Hi community! I have a quite big data.frame in R that I would like to export in order to manage it in excel.
The data.frame is about 884600 rows and 45 columns. The problem I have when exporting it in .cvs or .xlsx format is that it takes such a long time that in almost 10 hours I haven't seen any result (r keeps working on it); Then, the command: write.xlsx or write.csv is not working for me. Do anyone know a way of exporting big data.frames in a "short time" from R? (Computer process capability I think is not a problem)
you can try fwrite, which works similar to write.csv, but faster.
fwrite(myData, "myData.csv", row.names=T)
In general I think it is better to go with csv or txt format when handling big data tables, xlsx might take up much more space as a file.
Also, when you handle big data frames in R and every operation takes up a lot of time you might wanna consider converting it into a data.table, which makes everything that you do in R with it much faster, including the read-in process with fread().
I like to add that if R can hardly handle writing the file, Excel will hang trying to load it and manipulations will be nearly impossible on such a large set.
Why do you want to do anything in excel with it? R is much better at handling data manipulations of such a scale...
If you want to save data without the need for excel, I suggest you use the RDS format to save data in a compressed state. Excel can't read it, but R can and it saves a lot of disk space.

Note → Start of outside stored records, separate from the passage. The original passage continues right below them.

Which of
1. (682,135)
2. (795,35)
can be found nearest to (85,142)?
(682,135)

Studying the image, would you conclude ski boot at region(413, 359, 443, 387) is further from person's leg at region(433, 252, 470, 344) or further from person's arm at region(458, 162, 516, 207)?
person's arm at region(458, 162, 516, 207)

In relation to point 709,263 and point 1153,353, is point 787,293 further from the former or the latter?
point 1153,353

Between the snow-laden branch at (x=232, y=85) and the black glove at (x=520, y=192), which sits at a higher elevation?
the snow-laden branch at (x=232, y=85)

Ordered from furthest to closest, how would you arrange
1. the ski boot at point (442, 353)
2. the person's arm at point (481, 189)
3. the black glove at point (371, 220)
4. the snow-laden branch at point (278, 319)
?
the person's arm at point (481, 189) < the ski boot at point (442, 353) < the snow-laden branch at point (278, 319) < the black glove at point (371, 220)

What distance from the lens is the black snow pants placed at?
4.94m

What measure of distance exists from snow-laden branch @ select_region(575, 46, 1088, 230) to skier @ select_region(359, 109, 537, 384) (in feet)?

See example here:
#Generate large dataset
n = 5000000
myData = data.frame(x = sample(LETTERS, n, replace = T),
y = sample(1:1000, n, replace = T),
z = runif(n))
#Save as csv
#-----------
write.csv(myData, "testFile.csv")# About 175mb
#Save as rds
#-----------
saveRDS(myData, "testFile.rds") #About 40mb
#Read rds
#-----------
loadData = readRDS("testFile.rds")
R shouldn't take 10 hours to write a CSV file that size. At most, it should take a few minutes.
Are you sharing the data over a network? If so, it might be a good idea to write a compressed (.zip or .tar) file, upload that, and have the other person download and decompress it on their computer:
csv_path <- file.path(tempdir(), "mydata.csv")
zip_path <- file.path(tempdir(), "mydata.zip")
write.csv(mydata, csv_path)
zip(zipfile = zip_path, files = csv_path)
file.copy(zip_path, "/final/sharing/directory")
# Now others can get the file and do as they please
Sadly, not all co-workers have accepted R or any other imperative statistical programming language into their hearts.